以下のグラフは従業員数500人未満の企業に対し、「IT活用における管理/運用の人員規模」を尋ねた結果である。従業員数20人未満においては「ITの管理/運用を担当する社員は特に決まっておらず、その都度適切な社員が対応している」が7割に達している。従業員数20人という数字はサーバ導入(PCをサーバ代わりに利用しているのではなく、サーバOSを搭載したサーバ用途の機器の導入)の下限とも一致する。つまり、従業員数20人未満ではIT活用の度合いから見て、管理/運用の担当者を決める必要性が低いといえる。
その一方で、問題となるのは従業員数20人以上~500人未満の企業層だ。

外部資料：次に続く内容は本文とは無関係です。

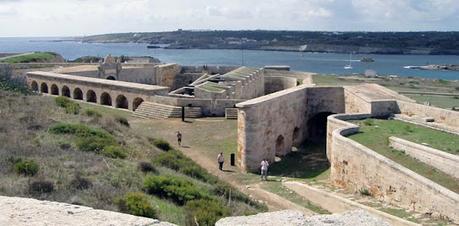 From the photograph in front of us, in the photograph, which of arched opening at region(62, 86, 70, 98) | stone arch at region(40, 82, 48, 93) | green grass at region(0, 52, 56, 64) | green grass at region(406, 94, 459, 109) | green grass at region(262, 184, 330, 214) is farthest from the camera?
green grass at region(0, 52, 56, 64)

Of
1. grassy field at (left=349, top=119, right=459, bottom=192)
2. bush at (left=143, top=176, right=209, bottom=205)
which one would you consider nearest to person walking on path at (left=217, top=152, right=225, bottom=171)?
grassy field at (left=349, top=119, right=459, bottom=192)

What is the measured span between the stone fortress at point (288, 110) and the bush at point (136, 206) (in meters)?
6.10

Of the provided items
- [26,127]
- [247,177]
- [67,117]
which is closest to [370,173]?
[247,177]

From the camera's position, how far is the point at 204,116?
89.2 feet

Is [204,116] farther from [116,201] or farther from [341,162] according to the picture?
[116,201]

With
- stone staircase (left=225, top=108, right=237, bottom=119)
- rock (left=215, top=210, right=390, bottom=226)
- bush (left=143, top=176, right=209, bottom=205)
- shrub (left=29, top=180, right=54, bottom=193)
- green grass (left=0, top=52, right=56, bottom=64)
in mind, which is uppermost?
green grass (left=0, top=52, right=56, bottom=64)

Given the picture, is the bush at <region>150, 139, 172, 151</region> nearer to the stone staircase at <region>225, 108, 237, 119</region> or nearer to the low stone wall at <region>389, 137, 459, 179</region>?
the low stone wall at <region>389, 137, 459, 179</region>

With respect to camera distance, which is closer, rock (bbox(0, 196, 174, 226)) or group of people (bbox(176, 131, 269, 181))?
rock (bbox(0, 196, 174, 226))

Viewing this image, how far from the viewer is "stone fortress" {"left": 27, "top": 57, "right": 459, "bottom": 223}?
41.8 feet

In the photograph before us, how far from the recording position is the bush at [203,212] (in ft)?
25.1

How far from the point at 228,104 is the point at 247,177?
10077mm

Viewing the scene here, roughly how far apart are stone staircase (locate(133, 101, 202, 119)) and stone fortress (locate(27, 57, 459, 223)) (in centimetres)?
5

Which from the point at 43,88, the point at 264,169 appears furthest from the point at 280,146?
the point at 43,88

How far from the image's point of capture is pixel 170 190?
9.82 meters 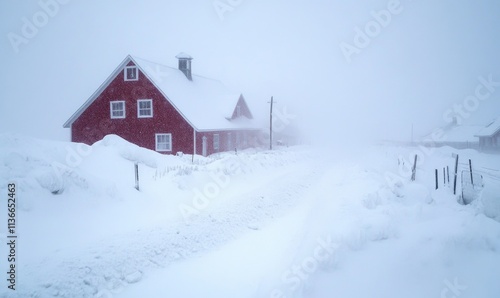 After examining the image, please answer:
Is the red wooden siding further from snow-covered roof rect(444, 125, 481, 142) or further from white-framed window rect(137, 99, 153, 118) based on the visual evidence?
snow-covered roof rect(444, 125, 481, 142)

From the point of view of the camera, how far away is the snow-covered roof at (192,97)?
92.4ft

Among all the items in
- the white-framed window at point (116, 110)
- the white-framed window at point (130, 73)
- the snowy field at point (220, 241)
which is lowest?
the snowy field at point (220, 241)

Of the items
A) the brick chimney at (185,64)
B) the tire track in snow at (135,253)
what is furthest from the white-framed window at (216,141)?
the tire track in snow at (135,253)

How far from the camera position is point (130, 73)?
2853 cm

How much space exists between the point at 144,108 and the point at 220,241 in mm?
A: 22913

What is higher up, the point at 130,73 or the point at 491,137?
the point at 130,73

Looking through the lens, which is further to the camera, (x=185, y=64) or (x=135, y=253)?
(x=185, y=64)

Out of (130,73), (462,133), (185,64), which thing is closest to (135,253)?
(130,73)

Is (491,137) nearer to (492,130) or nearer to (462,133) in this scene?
(492,130)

この規模になると何らかの業務システムが稼働しており、PCの台数という点から見ても1人でITの管理/運用をカバーすることは難しい。だが、グラフを見るとわかるように従業員数50人以上~100人未満では2割、従業員数20人以上~50人未満では3割の企業において「ITの管理/運用の担当者が1名」という状態となっている。
こうした1名のみのIT管理/運用担当者を指す言葉として、「ひとり情シス」というものがある。「情シス」とは「情報システム部門」を略したものだ。本来複数社員が存在するはずの情報システム部門と同等の役割を担いながらも1人しかいない状況を指して、このような言葉が使われるようになってきた。
ITの管理/運用が組織化されていないため、こうした「ひとり情シス」は社内だけでなく、社外に対しても相談できる相手がなかなかいない。「1人」ではなく「ひとり」と表記しているところに、そうした孤軍奮闘の実態が込められている。
以下のグラフは従業員数500人未満の企業に対し、「ひとり情シス」がIT管理/運用の業務以外に本来の職務を持っている割合を尋ねた結果である。
従業員数100人未満では半数以上が兼任となっている。「ひとり情シス」は1人であるだけでなく、本来の職務(総務、経理、人事、法務など)の傍らでITの管理/運用に奮闘していることがわかる。